Not many people want to camp out these days. The proliferation of guesthouses in the heart of Lamu town encourages an ethos that is more interactive than hippie-escapist. Happily, visitors and locals cross paths enough to avoid any tedium – though for women travelling without men, this can itself become tedious (see Information). Having said that, there can hardly be another town in the world as utterly unthreatening as Lamu. Leave your room at midnight for a breath of air and you can stroll up a hushed Harambee Avenue, or tread up the darkest of alleys, and fear absolutely nothing. It’s an exhilarating experience.
If you want to spend all your time on the beach, then staying in Shela is the obvious solution, and there’s an ever-growing range of quite stylish possibilities there, though hardly anywhere really inexpensive.
Fewer people see the interior of Lamu island itself, which is a pity, as it’s a pretty, if rather inhospitable area. Much of it is patched into shambas with the herds of cattle, coconut palms, mango and citrus trees that still provide the bulk of Lamu’s wealth. The two villages you might head for here are Matondoni, on the north shore of the island, by the creek, and Kipungani, on the western side.
The undeniably Arab flavour of Lamu is not nearly as old as the town itself. It derives from the later nineteenth century when the Omanis, and to some extent the Hadhramis from what is now Yemen, held sway in the town. The first British representatives in Lamu found themselves among pale-skinned, slave-owning Arab rulers, and the cultural and racial stereotypes that were propagated have never completely disappeared.

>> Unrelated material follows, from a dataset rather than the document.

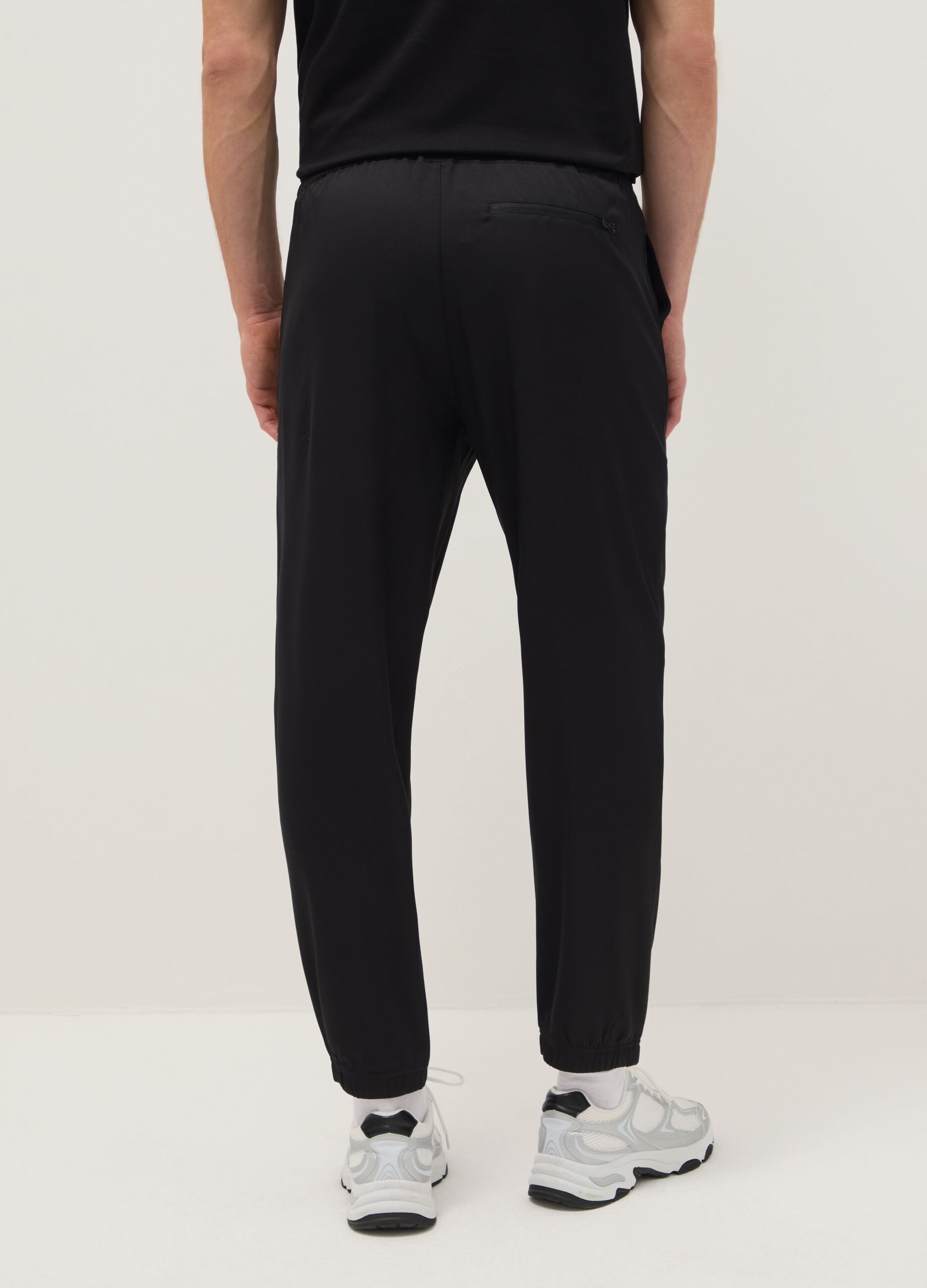 Black regular fit trousers with elasticated waist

Lamu was established on its present site by the fourteenth century, but there have been people living on the island for much longer than that. The fresh-water supplies beneath Shela made the island attractive to refugees from the mainland and people have been escaping here for two thousand years or more. It was also one of the earliest places on the coast to attract settlers from the Persian Gulf and there were almost certainly people here from Arabia and southwest Asia even before the foundation of Islam.
In 1505, Lamu was visited by a heavily armed Portuguese man-of-war and the king of the town quickly agreed to pay the first of many cash tributes as protection money. For the next 180 years Lamu was nominally under Portuguese rule, though the Portuguese favoured Pate as a place to live. In the 1580s, the Turkish fleet of Amir Ali Bey threatened Portuguese dominance, but superior firepower and relentless savagery kept them out, and Lamu, with little in the way of an arsenal, had no choice but to bend with the wind – losing a king now and then to the Portuguese executioners – until the Omanis arrived with fast ships and a serious bid for lasting control.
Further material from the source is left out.